Eglises d'Asie

POUR APPROFONDIR – Une société civile dynamique

Publié le 25/03/2010




Après l’offensive lancée par l’armée contre les insurgés talibans dans la vallée de Swat, le pays est frappé par une vague d’attentats-suicides meurtriers. Le sort des quelque deux millions de réfugiés qui fuient les combats dans la Province de la frontière du Nord-Ouest inquiète d’autant plus que l’Etat paraît incapable d’assumer leur secours. Et, pourtant, loin d’être dominée…

par les fondamentalistes, la société civile est vivace et entreprenante dans ce pays de 150 millions d’habitants. En témoigne l’initiative rapportée dans l’article ci-dessous, paru le 19 mai 2009 dans les colonnes du New York Times. La traduction est de la rédaction d’Eglises d’Asie.

 

L’idée était simple, mais au Pakistan, dans un pays qui palabre mais n’agit que très peu, elle avait presque des relents de rébellion. A Lahore, un groupe de jeunes Pakistanais, fatigués d’entendre leur famille se plaindre du gouvernement, ont décidé de ne pas joindre leurs voix à ce concert de lamentations en prenant eux-mêmes les choses en main : tous les dimanches, ils prendraient des pelles, iraient en ville et ramasseraient les ordures.

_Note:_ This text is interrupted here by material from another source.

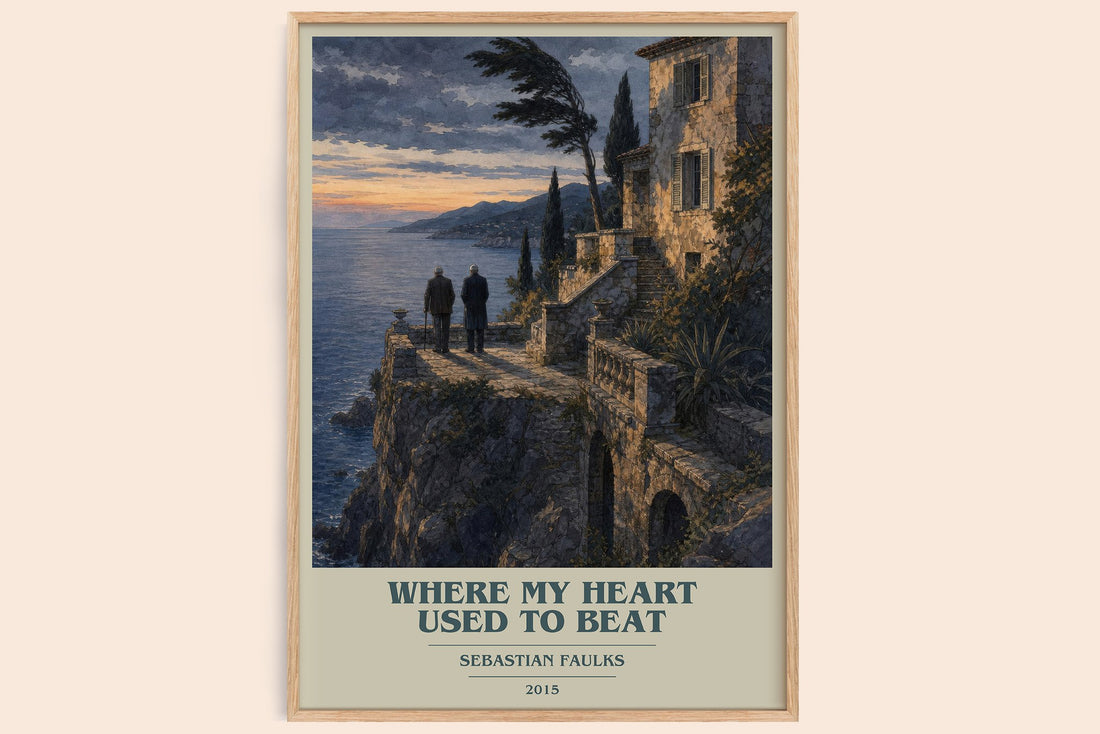 Where My Heart Used to Beat book cover book poster by Sebastian Faulks – framed literary art print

C’était tout à fait étrange de faire ça pour des élèves d’un des collèges privés les plus huppés de la ville, qui passaient habituellement leurs dimanches après-midi à se reposer dans leurs maisons climatisées. Mais ils se sont sentis encouragés par le récent succès du mouvement des avocats, qui, par des manifestations nationales de protestation, avait contraint le gouvernement à remettre en poste le président de la Cour suprême, précédemment démis de ses fonctions. Et leur désir de sensibiliser le public était irrépressible.

« Tout le monde critique sans cesse le gouvernement, mais personne ne fait rien, explique Shoaib Ahmed, 21 ans, un des organisateurs. Alors, pourquoi ce ne serait pas nous qui ferions quelque chose ? »

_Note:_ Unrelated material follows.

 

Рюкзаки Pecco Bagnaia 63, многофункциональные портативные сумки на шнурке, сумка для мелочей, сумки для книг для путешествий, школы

Ces jeunes se sont donc connectés sur Facebook et ont invité tous leurs amis à ramasser les ordures le dimanche. Les ordures, comme le dit Shoaib Ahmed, « font partie des choses les plus basiques. Ce n’est pas un sujet de controverse et cela se ramasse facilement ».

Le Pakistan est un pays perclus de problèmes, de l’islamisme extrémiste à la pauvreté la plus extrême. Mais ces jeunes gens montrent un autre aspect de ce pays, une drôle de nouvelle génération, qui regarde avec scepticisme les privilèges de ses parents et réunit les mollahs et les généraux dans un même dédain. « La jeunesse du Pakistan veut voir changer les choses », explique Shahram Azhar, le chanteur de Laal, un groupe de rock pakistanais, représentatif de cette jeunesse à l’attitude rebelle.

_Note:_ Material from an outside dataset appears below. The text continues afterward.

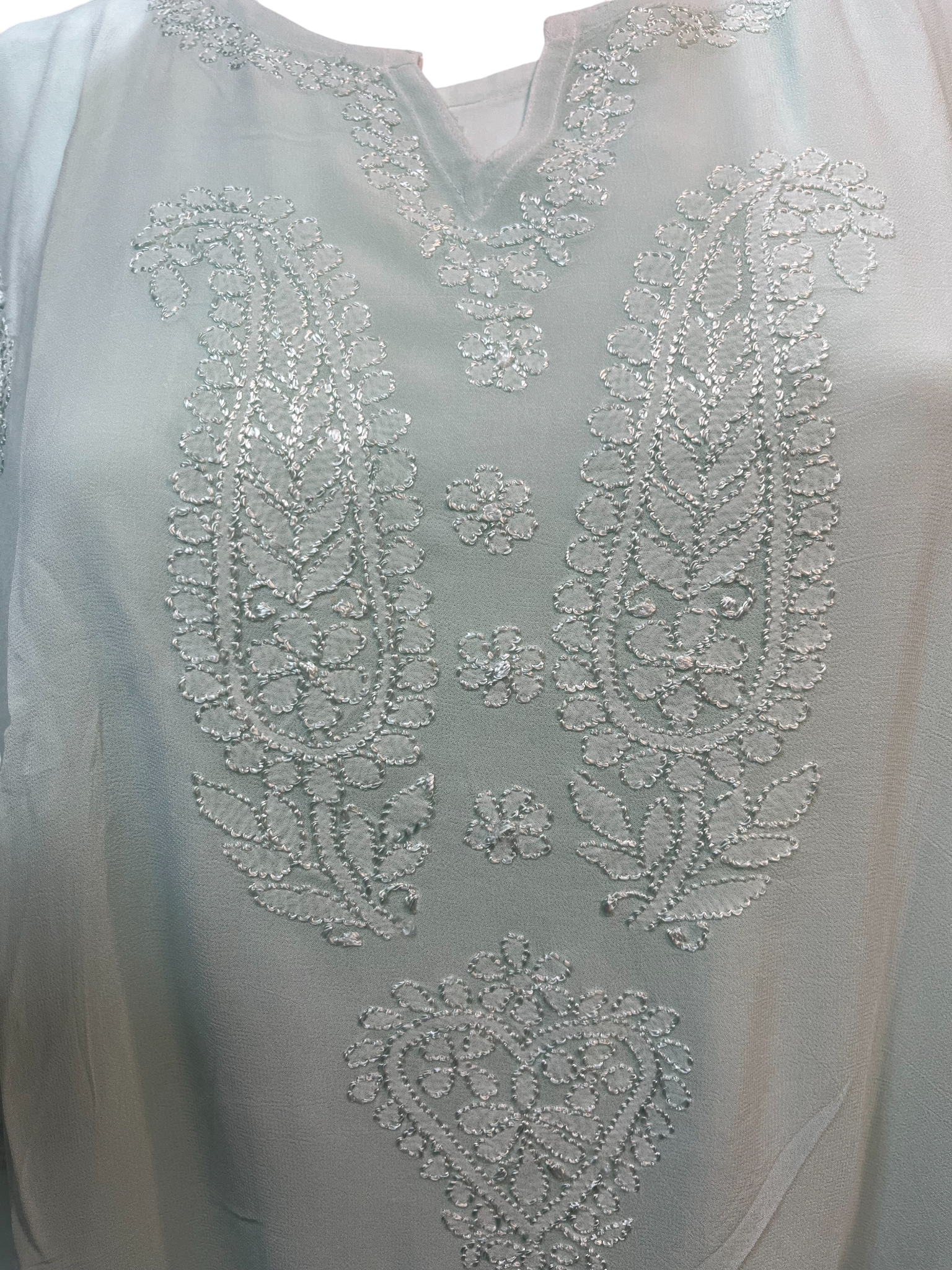 Sea Green Georgette Short Kaftan with Chikankari Embroidery - SHILVIKA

« La raison pour laquelle les talibans se sont rendus maîtres de Swat, dit-il en se référant à cette vallée au nord d’Islamabad que les extrémistes islamiques avaient investis cette année, est que les talibans sont organisés. Nous devons donc nous organiser aussi. »

« La seule réponse aux problèmes du Pakistan, ajoute-t-il, est de susciter un mouvement ayant une large base populaire. »

Le mouvement de ramassage des ordures, auto-baptisé « Les Citoyens Responsables », ne peut assurément pas encore être qualifié de grand mouvement, bien qu’il ait attiré une foule respectable un de ces derniers dimanche, surtout si l’on prend en compte la chaleur (plus de 33 °C) et l’heure (vers 16 h). Shoaib Ahmed et ses amis ont distribué des sacs à ordures, achetés pour l’occasion. Près de quarante personnes avaient répondu à l’appel. Quelques-unes portaient des masques et toutes avaient des pelles.

Ils n’avaient pas visé très haut. La zone où ils opéraient, Ghalib Market, est un quartier modeste dans le centre de Lahore, ayant peu de circulation, entourée de boutiques, d’un terrain de cricket et d’une mosquée. Cela n’est pas un des coins les plus sales de la ville, mais le groupe y est attaché, car il l’avait déjà nettoyé dans le passé et voulait se rendre compte si son action avait eu quelque effet.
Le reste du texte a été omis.